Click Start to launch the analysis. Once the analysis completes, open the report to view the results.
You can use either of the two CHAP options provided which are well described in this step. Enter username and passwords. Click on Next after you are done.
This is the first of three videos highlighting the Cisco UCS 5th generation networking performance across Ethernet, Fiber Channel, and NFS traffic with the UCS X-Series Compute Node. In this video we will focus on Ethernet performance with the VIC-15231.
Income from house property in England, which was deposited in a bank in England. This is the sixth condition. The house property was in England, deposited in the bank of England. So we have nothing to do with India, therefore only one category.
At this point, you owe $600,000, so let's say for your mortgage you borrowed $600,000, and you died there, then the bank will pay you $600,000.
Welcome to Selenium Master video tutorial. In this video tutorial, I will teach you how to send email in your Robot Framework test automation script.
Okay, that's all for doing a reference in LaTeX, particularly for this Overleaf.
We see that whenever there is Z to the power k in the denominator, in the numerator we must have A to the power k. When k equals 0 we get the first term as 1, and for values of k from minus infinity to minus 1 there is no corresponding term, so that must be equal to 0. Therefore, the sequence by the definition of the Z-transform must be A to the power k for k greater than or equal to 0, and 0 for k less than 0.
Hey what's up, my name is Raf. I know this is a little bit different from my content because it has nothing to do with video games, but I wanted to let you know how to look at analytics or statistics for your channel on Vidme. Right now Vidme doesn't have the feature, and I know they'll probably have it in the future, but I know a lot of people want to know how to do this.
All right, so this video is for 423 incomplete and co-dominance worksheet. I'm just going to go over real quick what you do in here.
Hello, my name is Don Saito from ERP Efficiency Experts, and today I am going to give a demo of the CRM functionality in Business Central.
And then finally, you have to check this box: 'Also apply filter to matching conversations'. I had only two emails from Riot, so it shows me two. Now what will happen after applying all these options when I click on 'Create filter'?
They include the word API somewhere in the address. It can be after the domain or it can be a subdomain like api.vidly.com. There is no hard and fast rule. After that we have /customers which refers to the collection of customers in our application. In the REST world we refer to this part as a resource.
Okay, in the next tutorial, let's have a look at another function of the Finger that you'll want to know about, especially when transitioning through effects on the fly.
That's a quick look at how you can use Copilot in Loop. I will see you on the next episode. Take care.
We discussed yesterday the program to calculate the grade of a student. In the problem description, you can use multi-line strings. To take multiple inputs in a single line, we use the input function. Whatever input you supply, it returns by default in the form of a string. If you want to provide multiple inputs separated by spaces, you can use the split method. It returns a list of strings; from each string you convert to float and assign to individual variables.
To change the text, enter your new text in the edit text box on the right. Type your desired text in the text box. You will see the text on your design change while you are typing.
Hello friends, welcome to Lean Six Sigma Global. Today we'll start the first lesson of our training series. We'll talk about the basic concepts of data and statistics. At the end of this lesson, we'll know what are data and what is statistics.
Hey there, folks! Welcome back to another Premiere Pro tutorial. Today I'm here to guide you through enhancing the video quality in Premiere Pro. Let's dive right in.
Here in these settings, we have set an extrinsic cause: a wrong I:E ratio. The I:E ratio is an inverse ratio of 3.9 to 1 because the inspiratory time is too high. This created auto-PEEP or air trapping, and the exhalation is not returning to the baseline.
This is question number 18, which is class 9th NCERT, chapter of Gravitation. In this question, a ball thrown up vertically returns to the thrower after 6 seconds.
● ● ● ● ● ● ●
TASK STATEMENT - In how many lines of the material does the word "Okay" appear? Give only the number.

WRITTEN REPLY - 2